The US-allied state contended Russia was waging an energy blockade against it after two Jan. 22 explosions tore through the main pipeline that transports Russian gas to Georgia across the Caucasus Mountains. The blasts left millions of Georgians shivering in their homes in bitterly cold temperatures.
The situation was compounded by major electricity blackouts after severe winter weather downed power lines and a unit at a power station in Tbilisi shut off.
Prime Minister Zurab Nogaideli yesterday said Russian gas had begun flowing into Georgia and the first apartment buildings in the capital would start getting supplies later in the day.
But he repeated charges that Russia deliberately delayed repairs to the pipeline that runs through the Russian border region of North Ossetia.
''The moment it became clear that Georgia cannot be brought down on its knees, repairs to North Ossetia's trunk gas pipeline were finished. Repair work went on for too long," Nogaideli said in comments broadcast on Georgian television.
The Georgian national gas company said that it would take a couple of days for full supplies to be restored throughout the country.

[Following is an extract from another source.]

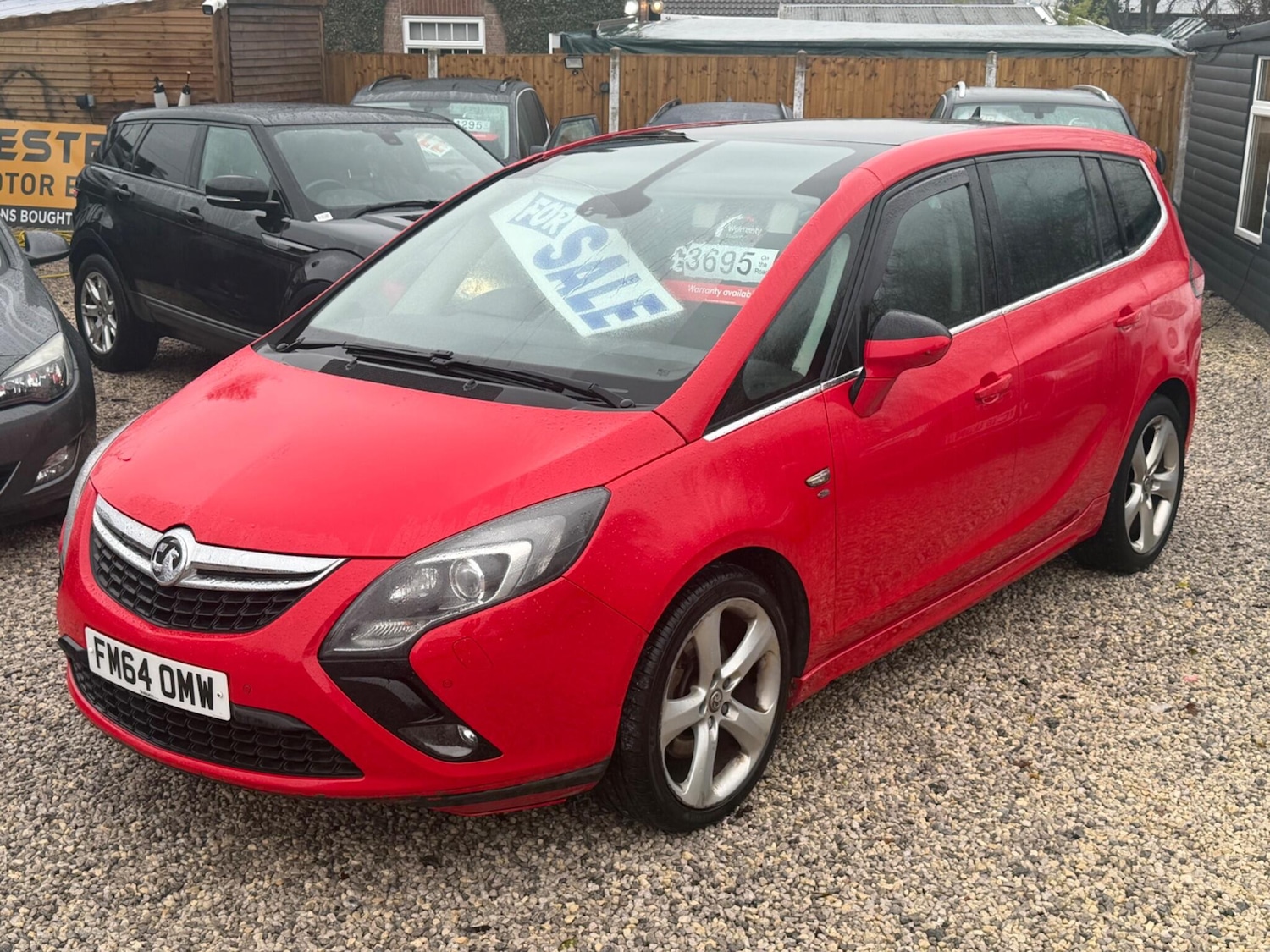Used Vauxhall Zafira 2015 for sale - 77304836: Photo 8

In Moscow, the Foreign Ministry issued a statement yesterday accusing Tbilisi of cutting off gas to the Russian Embassy building in retaliation Saturday, describing it as ''yet another anti-Russian action."

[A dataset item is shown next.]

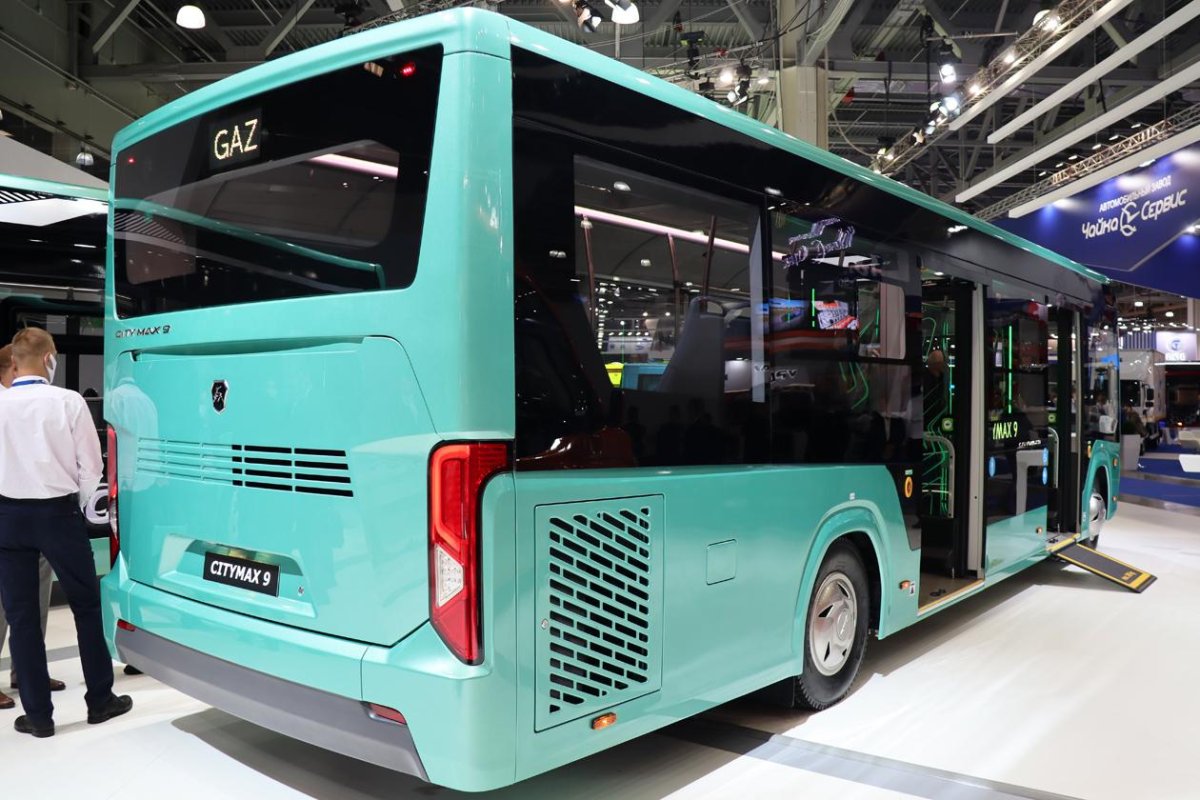 ПАЗ ситимакс 9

The Russian ministry threatened to take ''appropriate measures" concerning heating supplies to the Georgian Embassy in Moscow. A few hours later, gas supplies resumed to the Russian Embassy, a duty officer said.
Tbilisi authorities had insisted the gas cutoff also affected other diplomatic posts, such as the US Embassy, which are located in the same district. But the Russian Foreign Ministry said an adjacent building had not had any interruption to its gas deliveries.
Georgia's president, Mikhail Saakashvili, has sought to throw off Russian influence and build a close alliance with Washington since he came to power in the 2003 ''Rose Revolution." The shift by Saakashvili, who was educated in the United States, has soured ties with Russia.
The energy crisis, the worst in the impoverished country for years, provoked assertions that Moscow was striking back for Georgia's pro-Western stance.
Russian officials blamed the explosion on sabotage and angrily denied the Georgian accusations.
The gas and electricity crisis forced desperate Georgians to line up for kerosene and firewood to heat their homes amid the largest snowfall in years.
In a bid to find alternative energy sources, Georgian officials announced a deal on Friday for Iran to supply gas through Azerbaijan.
The contract for a daily delivery of 71 million cubic feet will run for 30 days. But Georgia hopes to agree on a long-term arrangement to reduce its dependence on Russia.
The Georgian energy minister said the Iranian deliveries should start within days and meet 80 percent to 90 percent of the capital's energy needs.
Armenia, a Russian ally, gets its gas from Russia through Georgia and also suffered a cutoff of deliveries.